Sir Richard Eyre, director of the National Theatre, has the goodwill of Ed Mirvish, the Toronto showman and retailer, who refurbished the Old Vic and ran it at a loss amounting to more than pounds 20m. The only missing component in the National Theatre's bold plan is the cash.

The Arts Council, which considered the proposal at its meeting last Wednesday, did not take responsibility for raising the funds. "It could be that some aspects of the proposal could form part of a lottery application," said an Arts Council spokesman yesterday. The National Theatre already receives an pounds 11.5m Arts Council grant.

Lord Gowrie, the Arts Council's chairman, who is reported to be very sympathetic to the bid, would eventually have a say in the application for lottery money. He has asked Thelma Holt, chairman of the Council's drama panel, to keep him in close touch with developments.
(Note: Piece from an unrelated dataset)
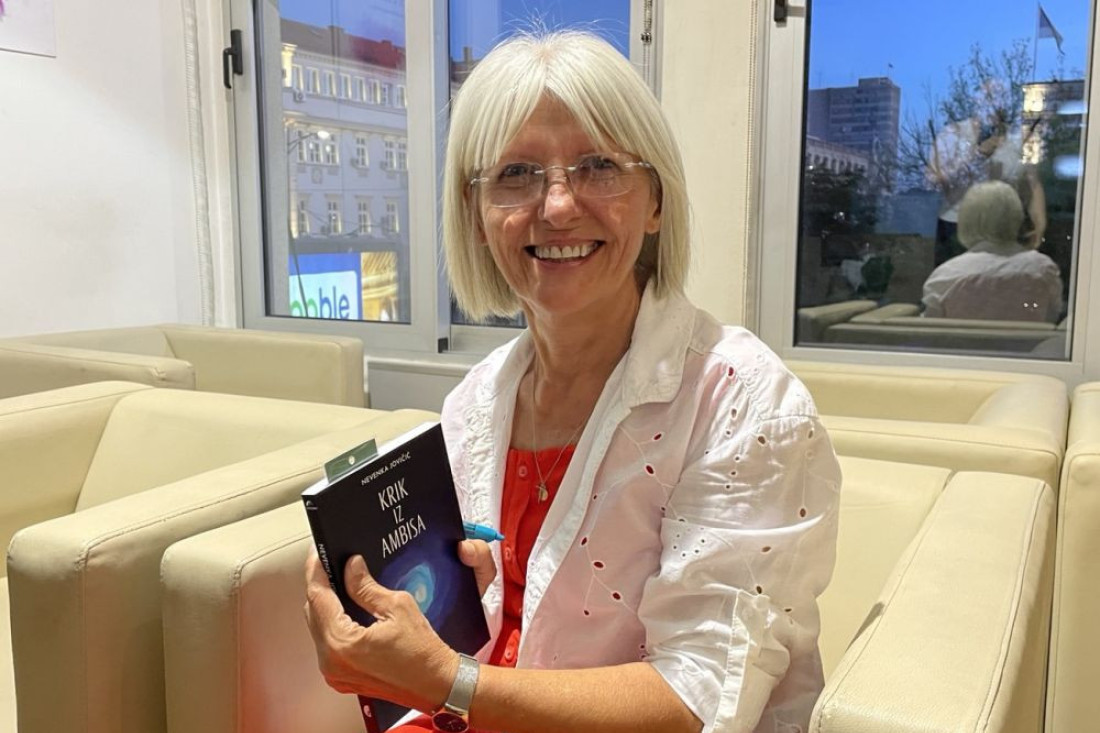 Promocija knjige "Krik iz ambisa" Nevenke Jovičić: Kad udarimo o dno, ako se ne odgurnemo, gotovi smo!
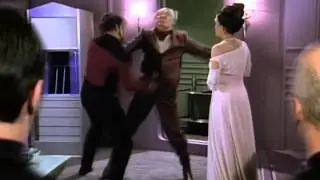 Star Trek TNG - You're a dead man! (Hypothetical)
Chris Smith, the Culture Minister, will be formally informed of the plan, but a spokesman said yesterday that the ministry did not have any money left in its budget to help buy the theatre, though there is a precedent for doing so after the Treasury gave a special grant to the English National Opera to buy the lease of the Coliseum in St Martin's Lane, in the West End.

The plan to buy the Old Vic was hatched at the National Theatre last week as part of a strategy to preserve the Studio, the NT's research and development "laboratory", which operates from a modern annex at the Old Vic and forms part of the property. "A vital part of the anatomy of the National Theatre is threatened by the sale," said Richard Eyre.

The idea of owning the theatre as well as the annex began as "pure, wild hypothesis" he said. He and his senior colleagues were attracted to the Old Vic because it could be used to transfer successful shows from the National's nearby South Bank base. Foreign and regional touring companies could play at the Old Vic, which could also be leased to commercial managements. Any purchase would come too late to save the Peter Hall Company, whose successful season there ends in December.

A successful bid for the Old Vic from the National would have a delightful symmetry. The idea of a national theatre was nurtured at the Old Vic by Lillian Bayliss before the Second World War. During the war, Old Vic seasons starring Lord Olivier, Sir Ralph Richardson and Peggy Ashcroft created an appetite for a national theatre based on state subsidy.

When the National Theatre was set up in 1963, with Lord Olivier as its first director, its first production (Peter O'Toole's Hamlet) was in the Old Vic, which remained the NT's home until Sir Peter Hall led it into its new building on the South Bank in 1976.